====== DATA UNDER STUDY
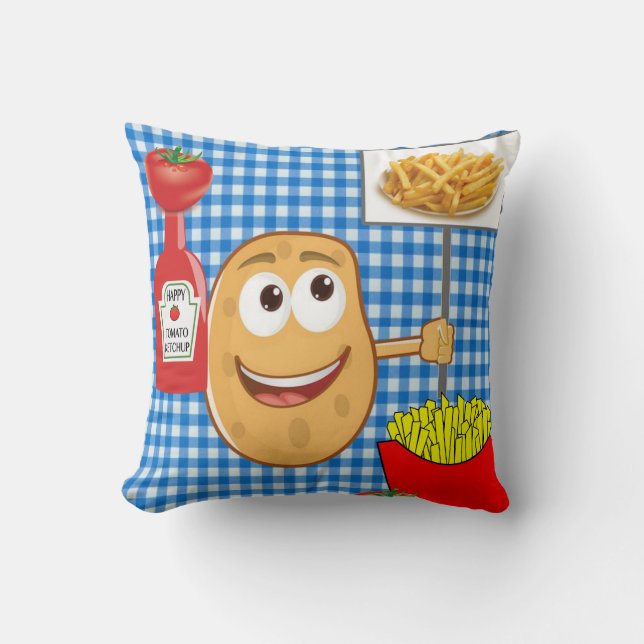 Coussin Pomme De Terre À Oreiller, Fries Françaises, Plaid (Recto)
============
====== DATA UNDER STUDY
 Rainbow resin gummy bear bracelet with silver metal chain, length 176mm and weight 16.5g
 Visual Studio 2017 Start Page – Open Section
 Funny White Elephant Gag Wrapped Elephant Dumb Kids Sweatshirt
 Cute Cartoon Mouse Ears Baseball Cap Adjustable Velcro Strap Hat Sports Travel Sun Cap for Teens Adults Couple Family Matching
============
====== DATA UNDER STUDY
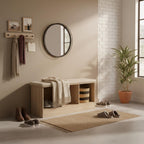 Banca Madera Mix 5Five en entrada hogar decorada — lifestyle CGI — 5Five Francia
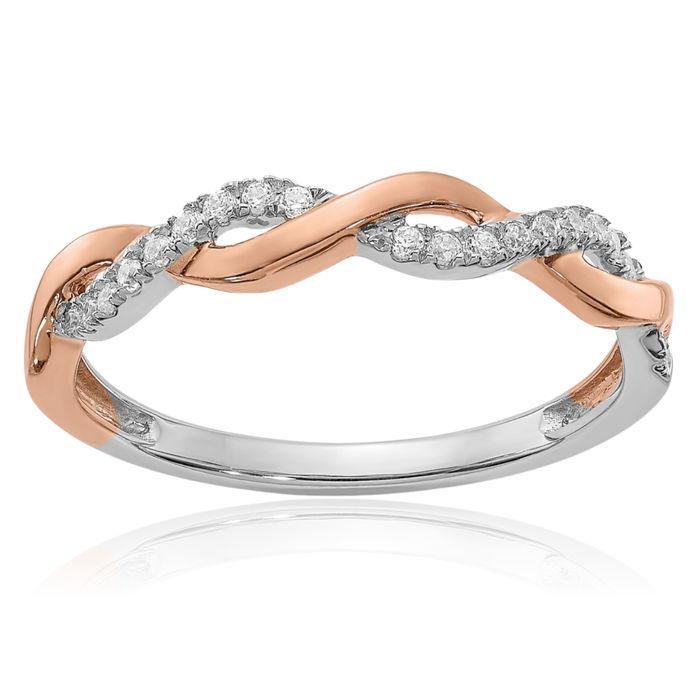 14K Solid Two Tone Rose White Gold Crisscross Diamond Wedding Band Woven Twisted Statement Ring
============
YOUR TASK:
In the listing above, locate the line containing "Visual Studio 2017 Start Page – Open Section" and the line containing "Cute Cartoon Mouse". Transcribe those two lines and everything between them, exactly as written.

RESULT:
 Visual Studio 2017 Start Page – Open Section
 Funny White Elephant Gag Wrapped Elephant Dumb Kids Sweatshirt
 Cute Cartoon Mouse Ears Baseball Cap Adjustable Velcro Strap Hat Sports Travel Sun Cap for Teens Adults Couple Family Matching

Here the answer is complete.